This directory provides information about the baseline data provided by Dopamine. The default hyperparameter configuration for the agents we are providing yields a standardized “apples to apples” comparison between them.
The default configuration files files for these agents (set up with gin configuration framework) are:
dopamine/jax/agents/dqn/configs/dqn.gin
dopamine/jax/agents/implicit_quantile/configs/implicit_quantile.gin
dopamine/jax/agents/quantile/configs/quantile.gin
dopamine/jax/agents/rainbow/configs/rainbow.gin
We provide a website where you can quickly visualize the training runs for all our default agents.
The plots are rendered from a set of JSON files which we compiled. These may prove useful in their own right to compare against results obtained from other frameworks.
Dopamine agents originally used TensorFlow for its networks and agents, but has since migrated to Jax. The default configuration files files for the legacy TF agents (set up with gin configuration framework) are:
dopamine/tf/agents/dqn/configs/dqn.gin
dopamine/tf/agents/rainbow/configs/c51.gin
dopamine/tf/agents/rainbow/configs/rainbow.gin
dopamine/tf/agents/implicit_quantile/configs/implicit_quantile.gin
Our results compare the agents with the same hyperparameters: target network update frequency, frequency at which exploratory actions are selected (ε), the length of the schedule over which ε is annealed, and the number of agent steps before training occurs. Changing these parameters can significantly affect performance, without necessarily being indicative of an algorithmic difference. Unsurprisingly, DQN performs much better when trained with 1% of exploratory actions instead of 10% (as used in the original Nature paper). Step size and optimizer were taken as published. The table below summarizes our choices. All numbers are in ALE frames.

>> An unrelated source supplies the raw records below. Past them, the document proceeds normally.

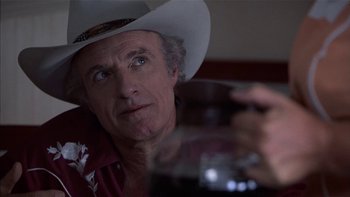 Movie still from “Flesh and Bone” (1993), directed by Steve Kloves – A man wearing a cowboy hat holding a glass of wine; Close Up shot, Over the shoulder angle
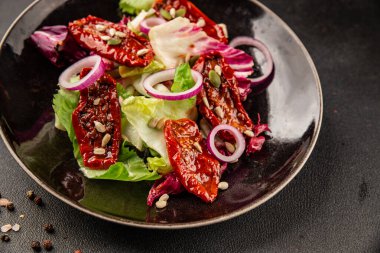 Salata, kurutulmuş domates, yeşil yaprak, soğan, doğal ürün, lezzetli aperatif. Lezzetli gurme yemek arkaplanı, masa, rustik üst manzara, fotokopi alanı, vejetaryen diyeti ve vejetaryen yemeği.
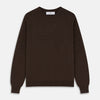 View 1 of product The Turnbull & Asser Brown Cashmere Glenn Jumper is a classic menswear piece with a crew neck and ribbed cuffs, collar, and hem. It’s laid flat on a white background, showcasing its timeless long-sleeved design.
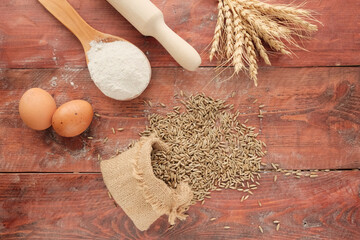 Ears of wheat, bag of grain on a wooden background. Rolling pin, eggs, flour - ingredients for...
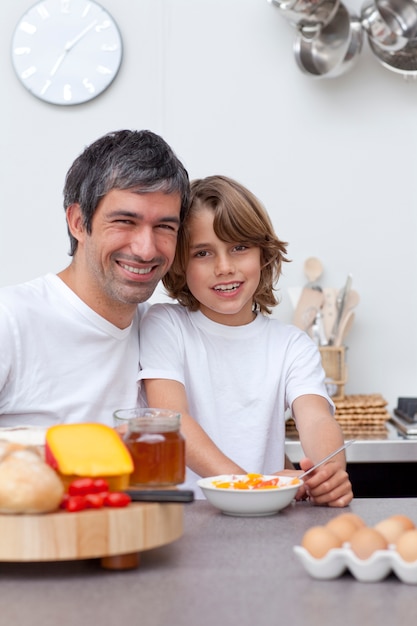 Father and son having breakfast together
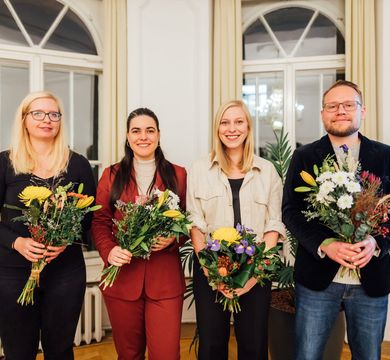 Vier Preisträger:innen posieren mit Blumen in der Hand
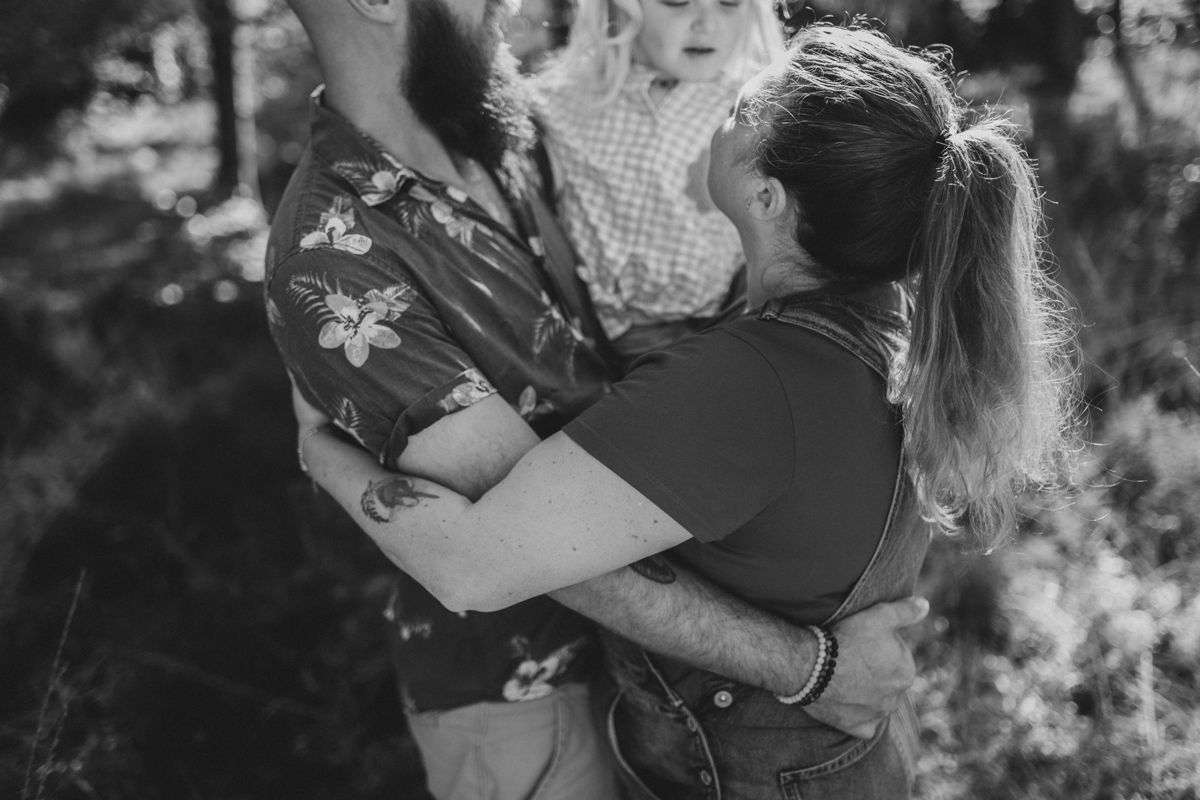 Een stel omhelst elkaar in de buitenlucht terwijl ze een kind vasthouden, vastgelegd op een zwart-witfoto.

Note that these numbers were obtained with the legacy TensorFlow implementations.
Our baseline results | DQN | C51 | Rainbow | IQN | |
---|---|---|---|---|---|
Training ε | 0.01 | 0.1 | 0.01 | 0.01 | 0.01 |
Evaluation ε | 0.001 | 0.01 | 0.001 | * | 0.001 |
ε decay schedule | 1,000,000 frames | 4,000,000 frames | 4,000,000 frames | 1,000,000 frames | 4,000,000 frames |
Min. history to start learning | 80,000 frames | 200,000 frames | 200,000 frames | 80,000 frames | 200,000 frames |
Target network update frequency | 32,000 frames | 40,000 frames | 40,000 frames | 32,000 frames | 40,000 frames |